Kaya, milyarlarca liralık yatırımlarla üretilen içme suyunun musluğa ulaşamadan sistem içinde kaybolduğunu belirterek, "Son 5 yılda, tam 6 milyar 135 milyon liralık içme suyu, İZSU'nun şebekesindeki kayıplar nedeniyle heba oldu. İklim krizi derinleşirken, suyun stratejik bir değere dönüştüğü bir dönemde bu durum yalnızca bir yönetim zafiyeti değil, aynı zamanda büyük bir kamu kaynağı israfıdır. Tüm bu gerçeklere rağmen, İzmir'de hala 'dirençli kent' masalları anlatılıyor.

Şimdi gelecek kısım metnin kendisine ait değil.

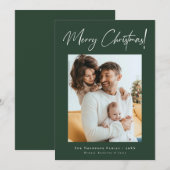 Merry Christmas Moody Rich Green Modern Photo Feestdagenkaart (Voorkant / Achterkant)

Kayıp-kaçak sorununu gündeme getirenler ya susturuluyor ya da 'siyaset yapıyor' diye yaftalanıyor." ifadesini kullandı.
İstanbul'da kayıp-kaçak oranının yüzde 18,63, Bursa'da da bu oranın yüzde 19 olarak görüldüğünü aktaran Kaya, bunun İzmir'de yüzde 30'un üzerinde olduğunu dile getirerek, "Bazı ilçelerde yüzde 50'yi aşan oranlarla Türkiye'nin en yüksek su kaybı yaşayan şehirlerinden biri konumundadır. Bu haliyle İzmir'in su yönetimi ne dirençlidir, ne de sürdürülebilirdir. Çünkü sorun suyun kaynağında değil, su yönetimindedir." açıklamasında bulundu.